Part of the problem was that ecobee ships (I assume for safety reasons) with ludicrously high cut-off thresholds for heat pumps. Mine had “compressor min outdoor temperature” of something like 35 degrees, so the heat pump wouldn’t run for most of the winter. The actual minimum temperature of my model is -4, cold-climate heat pumps run down to -20. I lowered mine to -5; the manual says there’s a physical thermostat interlock on the heat pump itself, and I trust that more than the ecobee weather feed anyway.

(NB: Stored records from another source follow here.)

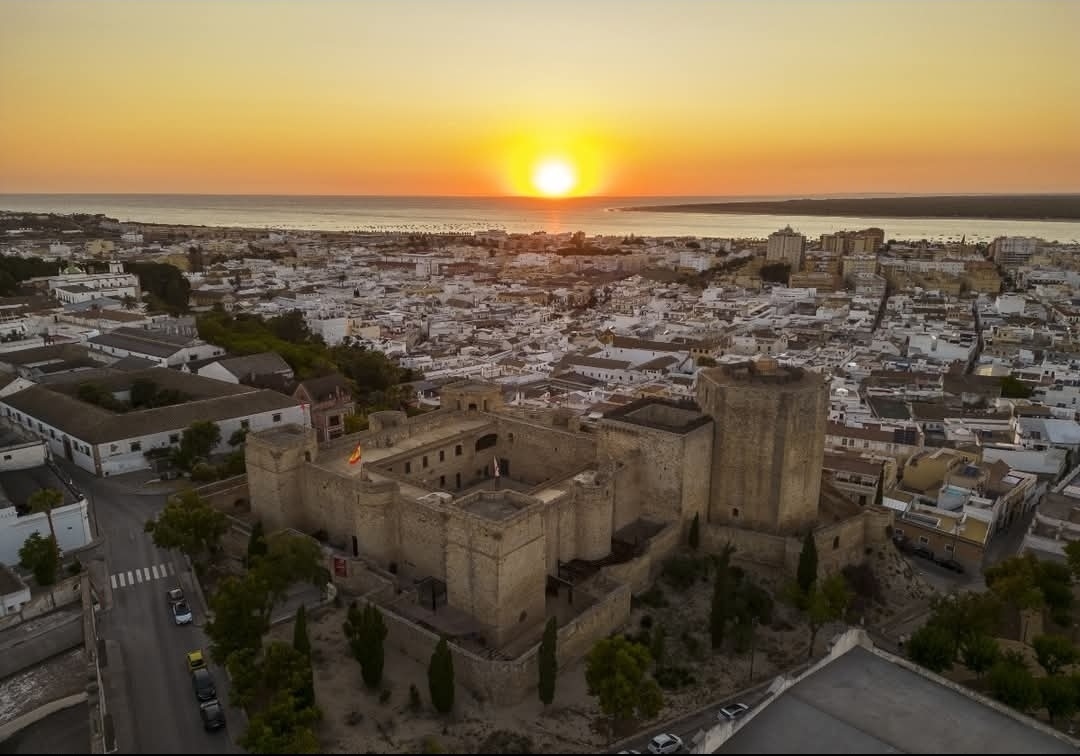 Vista elevada del casco urbano de Sanlúcar al atardecer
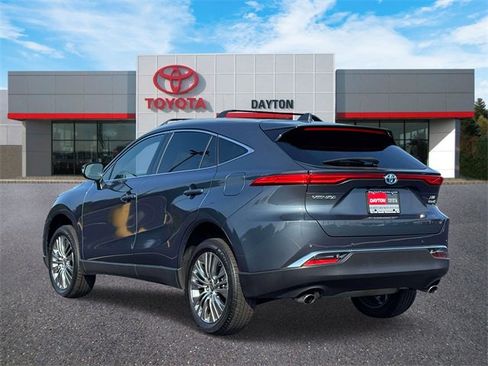 Used 2022 Toyota Venza XLE image 4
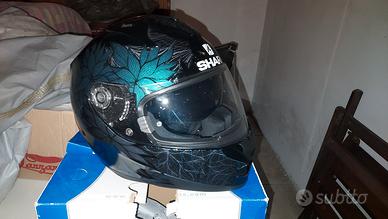 Casco Shark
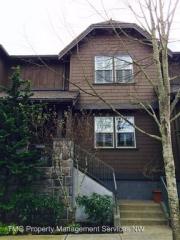 10551 Windwood Way, Portland OR  97225-7065 exterior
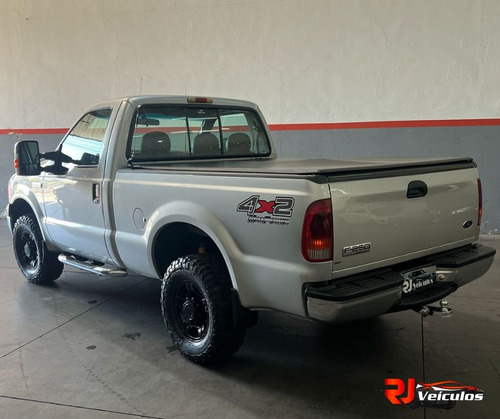 Ford F-250 3.9 Xlt 4x2 2p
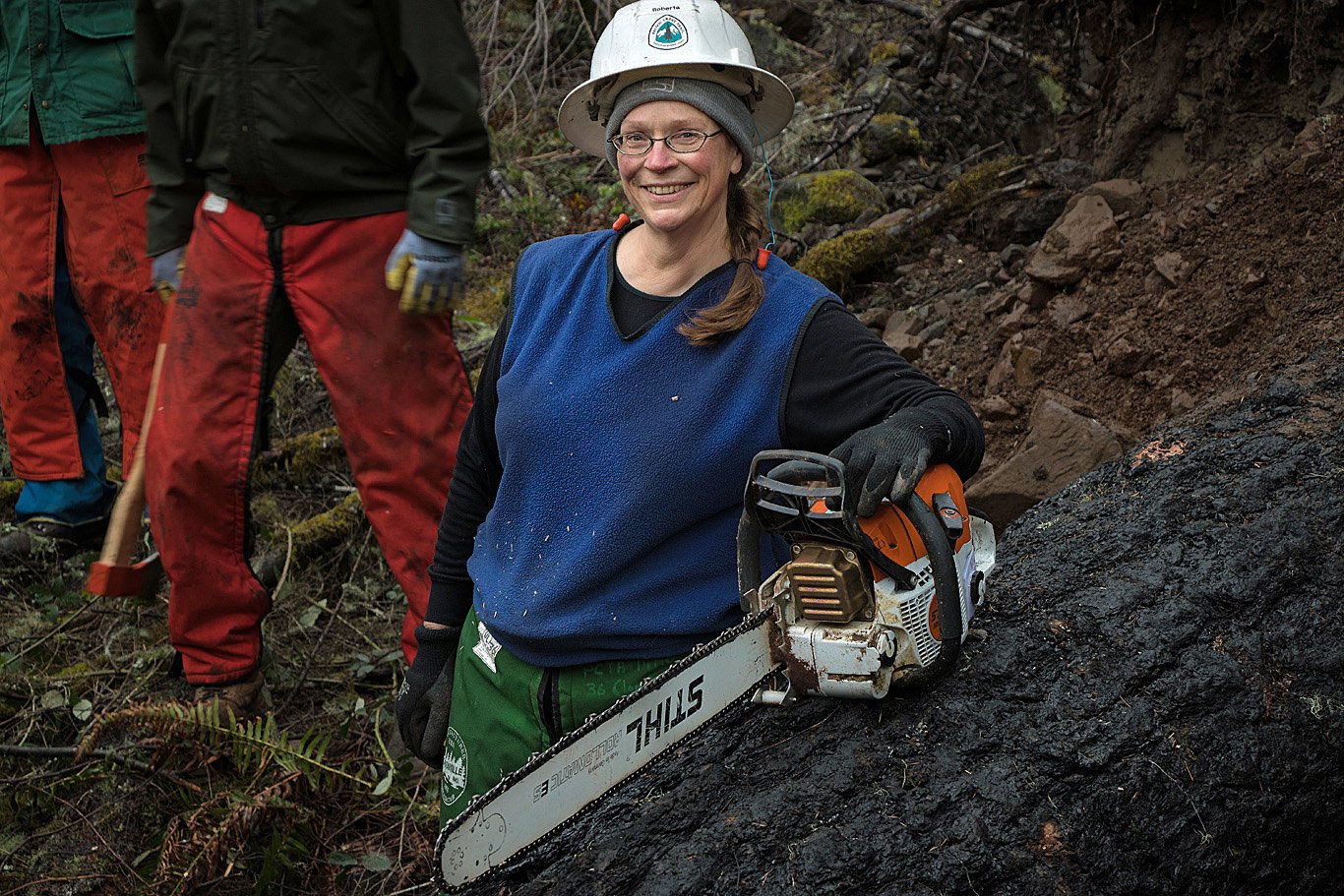 Roberta Cobb helped lead the passionate and skilled volunteers of the PCTA Mt. Hood Chapter to quickly reopen the PCT and other trails. Photo by Terry Hill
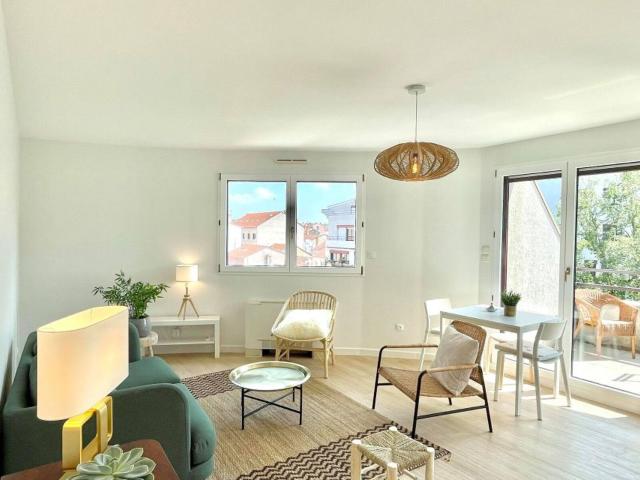 Location appartement, 65.48 m² T 3 à Villeurbanne, 1 490 €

Second: ecobee seems to prioritize speed over progress: if it’s not getting to the set point fast enough, it’ll burn aux heat to get there sooner. I don’t want this: I’m perfectly happy putting on a jacket. After a bit I worked out that the heat pumps alone can cover the house load down to ~20 degrees or so, and raised “aux heat max outdoor temperature” to 25. If it’s any warmer than that, the system won’t use aux heat.

Reverse Staging

A second weird behavior: once the ecobee called for stage 2, either from the heat pump or aux, it would run in stage 2 until it hit the set point, then shut off the system entirely. Running aux stage 2 costs more energy. Running the heat pump in stage 2 shortens the cycle time: remember, the goal is a low, long running time.

The setting I used to fix this is called “reverse staging”. Ecobee’s documentation says:

Compressor Reverse Staging: Enables the second stage of the compressor near the temperature setpoint.

As far as I can tell this documentation is completely wrong. From watching the graphs, this setting seems to allow the staging state machine to move from stage 2 back to stage 1, rather than forcing it to run in stage 2 until shutting off entirely. It’ll go back up to stage 2 if it needs to, and back down again.

Manual Staging

I couldn’t seem to get ecobee’s automatic staging to drop back to stage 1 heat reliably, or avoid kicking on aux heat when stage 2 heat pump heat would have done fine. I eventually gave up and turned off automatic staging altogether. I went with the delta temperature settings. If the temperature delta between the set point and indoor air is more than 1 degree, it turns on heat pump stage 1. More than two degrees, stage 2. More than four degrees, aux 1. More than five degrees, aux 2. The goal here is to use only as much aux heat as absolutely necessary to supplement the heat pump. I also have aux heat configured to run concurrently with the heat pump: there’s a regime where the heat pump provides useful heat, but not quite enough, and my intuition is that some heat pump heat is cheaper than all aux.

I initially tried the default 0.5 degree delta before engaging the heat pump’s first stage. It turns out that for some temperature regimes this creates rapid cycling: that first-phase heat is enough to heat the house rapidly to the set point, and then there’s nothing to do but shut the system off. The house cools, and the system kicks on again, several times per hour. I raised the delta to 1 degree, which significantly extended the cycle time.

Large Setback with Preheating

A setback is when you lower your thermostat, e.g. while away from home or sleeping. There’s some folk wisdom that heat pumps should run at a constant temperature all the time, rather than have a large setback. As far as I can tell, this is because a properly-sized heat pump system (unlike a gas furnace) doesn’t deliver a ton of excess heat, so it can’t catch up quickly when asked to return to a higher temperature. To compensate, the system might dip into aux heat, and that’s super expensive.

I’m in the US Midwest, where winter temperatures are usually around 15-40 F. I drop from 68 to 60 overnight, and the house can generally coast all night without having to run any HVAC at all. In theory the ecobee should be able to figure out the time required to come back to 68 and start the heat pump early in the morning, but in practice I found it would wait too long, and then the large difference between actual and set temp would trigger aux heat. To avoid this, I added a custom activity in Ecobee’s web interface (I call mine “preheat”), with a temperature of 64. I have my schedule set up with an hour of preheat in the morning, before going to the normal 68. This means there’s less of a delta-T, and the system can heat up entirely using the heat pump.